*** Opening of DATASET EXCERPT ***
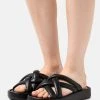 L37 SUNSHINE REGGAE Pantolette Flach Black Damen -Moves Offizieller Webshop 9776fe286b174febb2d12b89eb690bc9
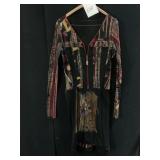 LADIES KNITTED DRESS LONG SLEEVE RED ZIPPER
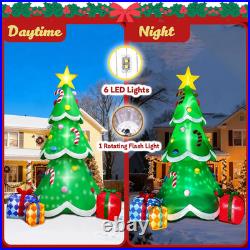 12FT Tall Christmas Inflatables Tree Outdoor Decoration, Giant Blow up Christmas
*** Close of DATASET EXCERPT ***
WORK TO BE COMPLETED:
Write out, exactly and only, the lines from the one containing "LADIES KNITTED DRESS LONG SLEEVE RED ZIPPER" through the last line of the material above. Pictures do not go in the copy.

WORKED SOLUTION:
 LADIES KNITTED DRESS LONG SLEEVE RED ZIPPER
 12FT Tall Christmas Inflatables Tree Outdoor Decoration, Giant Blow up Christmas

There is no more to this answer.